Like his cousin Charles Darwin, Galton worked as an independent scientist and never held a university post. Inspired by Darwin's ideas on biological variation, Galton began to devise a statistical method to measure it. His statistical work caught the attention of the zoologist W. F. R Weldon, who was looking for a way to find a working hypothesis for Darwin's variation. In 1891, Weldon took up the Jodrell chair of zoology at University College London, where Karl Pearson was professor of applied mathematics. In 1892, Pearson, who had just devised the standard deviation, struck up an intellectual partnership with Weldon, who needed help interpreting a bimodal distribution (at a time when it was thought that all data had to conform to the normal distribution). Weldon introduced Pearson to Galton in 1894, but it was Weldon who gave Pearson the impetus he needed to develop a new statistical methodology. Bulmer's discussions on Weldon are entirely devoid of that vital interaction he had with Pearson; Bulmer thus fails to show that the reason Weldon was the first scientist to provide empirical evidence of natural selection was precisely because Pearson was devising new statistical tools for him. Although Pearson grew fond of Galton, this relationship did not really develop until after Weldon's premature death in 1906.

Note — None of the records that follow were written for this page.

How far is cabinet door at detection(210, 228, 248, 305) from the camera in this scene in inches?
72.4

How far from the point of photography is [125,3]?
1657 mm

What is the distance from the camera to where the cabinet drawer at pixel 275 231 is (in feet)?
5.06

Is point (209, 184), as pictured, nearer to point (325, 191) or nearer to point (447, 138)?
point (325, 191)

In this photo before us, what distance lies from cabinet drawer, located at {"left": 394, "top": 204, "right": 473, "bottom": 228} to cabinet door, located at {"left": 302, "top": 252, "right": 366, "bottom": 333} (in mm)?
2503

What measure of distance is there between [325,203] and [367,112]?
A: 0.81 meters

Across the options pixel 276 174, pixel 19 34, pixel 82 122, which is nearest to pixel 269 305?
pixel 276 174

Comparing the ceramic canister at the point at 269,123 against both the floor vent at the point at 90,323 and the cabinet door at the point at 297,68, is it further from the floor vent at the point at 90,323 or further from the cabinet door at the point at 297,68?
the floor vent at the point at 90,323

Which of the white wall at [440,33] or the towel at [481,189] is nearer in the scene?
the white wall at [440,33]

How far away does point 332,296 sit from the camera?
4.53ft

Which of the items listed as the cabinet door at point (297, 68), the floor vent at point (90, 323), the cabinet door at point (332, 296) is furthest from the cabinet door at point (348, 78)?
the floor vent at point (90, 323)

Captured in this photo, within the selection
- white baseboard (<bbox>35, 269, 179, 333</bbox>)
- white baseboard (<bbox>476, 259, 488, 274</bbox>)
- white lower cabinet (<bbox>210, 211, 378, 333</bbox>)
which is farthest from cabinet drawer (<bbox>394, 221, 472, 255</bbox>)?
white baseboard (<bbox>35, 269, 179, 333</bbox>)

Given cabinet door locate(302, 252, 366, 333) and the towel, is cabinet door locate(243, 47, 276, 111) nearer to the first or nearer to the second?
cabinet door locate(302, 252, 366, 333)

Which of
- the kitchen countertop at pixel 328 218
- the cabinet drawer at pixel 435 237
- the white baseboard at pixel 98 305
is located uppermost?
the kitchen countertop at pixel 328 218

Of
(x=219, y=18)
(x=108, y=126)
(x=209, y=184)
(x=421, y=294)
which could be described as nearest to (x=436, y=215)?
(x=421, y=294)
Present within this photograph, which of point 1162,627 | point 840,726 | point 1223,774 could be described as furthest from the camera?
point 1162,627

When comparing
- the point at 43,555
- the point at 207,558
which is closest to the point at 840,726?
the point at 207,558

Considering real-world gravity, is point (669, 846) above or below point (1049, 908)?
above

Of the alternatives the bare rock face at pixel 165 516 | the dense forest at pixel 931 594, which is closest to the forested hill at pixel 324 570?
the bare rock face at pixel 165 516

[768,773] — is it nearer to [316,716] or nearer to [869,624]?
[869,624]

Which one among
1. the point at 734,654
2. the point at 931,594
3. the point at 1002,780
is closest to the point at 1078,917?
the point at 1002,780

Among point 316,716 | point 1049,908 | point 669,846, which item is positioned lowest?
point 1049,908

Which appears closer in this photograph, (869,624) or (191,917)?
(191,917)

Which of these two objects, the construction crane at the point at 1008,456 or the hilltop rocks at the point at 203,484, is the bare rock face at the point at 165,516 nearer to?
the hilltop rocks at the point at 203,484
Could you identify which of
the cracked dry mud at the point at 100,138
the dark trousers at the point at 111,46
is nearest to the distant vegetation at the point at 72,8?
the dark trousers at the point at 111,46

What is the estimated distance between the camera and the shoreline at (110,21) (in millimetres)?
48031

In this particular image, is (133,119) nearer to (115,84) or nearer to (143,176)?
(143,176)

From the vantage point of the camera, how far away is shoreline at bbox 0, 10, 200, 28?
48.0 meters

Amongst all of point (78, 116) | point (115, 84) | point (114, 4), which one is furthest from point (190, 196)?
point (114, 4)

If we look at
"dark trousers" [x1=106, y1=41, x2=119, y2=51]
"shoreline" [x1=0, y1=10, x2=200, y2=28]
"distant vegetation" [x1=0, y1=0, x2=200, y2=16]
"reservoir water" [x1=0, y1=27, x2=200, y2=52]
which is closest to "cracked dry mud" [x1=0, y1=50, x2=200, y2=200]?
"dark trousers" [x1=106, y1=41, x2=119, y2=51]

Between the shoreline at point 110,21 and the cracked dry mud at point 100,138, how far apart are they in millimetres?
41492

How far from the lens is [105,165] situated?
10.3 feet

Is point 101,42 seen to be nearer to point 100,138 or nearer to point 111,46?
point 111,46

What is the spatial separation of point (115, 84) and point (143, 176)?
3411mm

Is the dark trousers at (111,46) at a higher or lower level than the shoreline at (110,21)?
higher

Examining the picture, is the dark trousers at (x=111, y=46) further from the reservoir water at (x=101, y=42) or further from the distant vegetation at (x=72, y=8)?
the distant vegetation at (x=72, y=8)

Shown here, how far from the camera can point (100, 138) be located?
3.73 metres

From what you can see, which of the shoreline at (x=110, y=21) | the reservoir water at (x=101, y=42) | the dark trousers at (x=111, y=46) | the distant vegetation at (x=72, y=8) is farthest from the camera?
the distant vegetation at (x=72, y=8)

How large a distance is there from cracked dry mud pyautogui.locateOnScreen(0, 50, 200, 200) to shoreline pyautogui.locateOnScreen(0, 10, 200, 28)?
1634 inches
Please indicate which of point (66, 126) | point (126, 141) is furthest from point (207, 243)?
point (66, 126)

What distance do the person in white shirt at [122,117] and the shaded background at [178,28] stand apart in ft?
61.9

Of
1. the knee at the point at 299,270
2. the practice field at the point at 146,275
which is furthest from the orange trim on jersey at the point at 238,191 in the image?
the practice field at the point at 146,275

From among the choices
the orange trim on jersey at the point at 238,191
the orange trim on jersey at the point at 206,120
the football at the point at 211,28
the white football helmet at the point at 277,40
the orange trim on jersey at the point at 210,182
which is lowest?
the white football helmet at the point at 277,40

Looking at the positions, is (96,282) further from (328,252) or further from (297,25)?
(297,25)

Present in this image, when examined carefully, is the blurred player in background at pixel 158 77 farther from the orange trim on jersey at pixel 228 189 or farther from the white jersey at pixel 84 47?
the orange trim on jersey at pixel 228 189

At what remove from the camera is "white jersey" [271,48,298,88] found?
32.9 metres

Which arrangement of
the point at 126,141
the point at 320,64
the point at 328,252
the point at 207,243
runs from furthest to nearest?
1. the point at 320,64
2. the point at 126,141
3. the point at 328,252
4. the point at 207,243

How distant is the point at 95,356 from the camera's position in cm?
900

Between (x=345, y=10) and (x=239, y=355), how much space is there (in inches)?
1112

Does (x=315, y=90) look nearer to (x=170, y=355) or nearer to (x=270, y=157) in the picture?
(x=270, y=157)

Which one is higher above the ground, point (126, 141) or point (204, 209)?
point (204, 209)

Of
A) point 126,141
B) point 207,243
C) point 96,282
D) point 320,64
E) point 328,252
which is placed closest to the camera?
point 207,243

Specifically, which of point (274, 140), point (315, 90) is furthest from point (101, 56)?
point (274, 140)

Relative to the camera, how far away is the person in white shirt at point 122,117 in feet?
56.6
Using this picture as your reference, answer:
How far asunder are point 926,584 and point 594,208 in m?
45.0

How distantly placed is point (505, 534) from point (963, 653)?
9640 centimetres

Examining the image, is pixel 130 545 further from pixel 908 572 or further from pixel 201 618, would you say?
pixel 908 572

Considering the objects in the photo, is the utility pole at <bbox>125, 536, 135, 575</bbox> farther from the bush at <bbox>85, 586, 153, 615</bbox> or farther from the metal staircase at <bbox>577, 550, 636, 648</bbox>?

Pearson has long been erroneously viewed as a disciple of Galton who followed in his footsteps and merely expanded what Galton started — a view that Bulmer endorses. Thus, Bulmer's interpretation of galtonian and especially pearsonian statistics is deeply problematic. It is wrong to assume that the impetus to Pearson's statistics came from reading Galton's Natural Inheritance (Macmillan, 1889), especially as Pearson's initial reaction to this book was actually quite cautious. Pearson did not incorporate Galton's statistical ideas on correlation and regression for another six years, when Galton wrote to him asking for his assistance in 1895. By then, Pearson had already created the infrastructure of his statistical methodology. It was not until 1934, when Pearson was 78 years old, that he reinterpreted in a more favourable light the impact that Galton's book had on his own statistical work.

There is a long discussion of Galton's idea of correlation and statistical regression, but Bulmer never explains that Galton actually confused correlation with statistical regression. The reason the correlation coefficient is referred to by the letter r and not, say, c is that Pearson showed that Galton's correlation formula was a measure of regression instead, as it measured the slope of the regression line, and he retained Galton's r to symbolize the correlation coefficient.

This book is not so much a story about Galton as it is about Bulmer recalculating Galton's data using twentieth-century statistical methods. Perhaps Bulmer should have simply taken all of Galton's data and reanalysed it using contemporary statistical methods to gain a different understanding of Galton's data.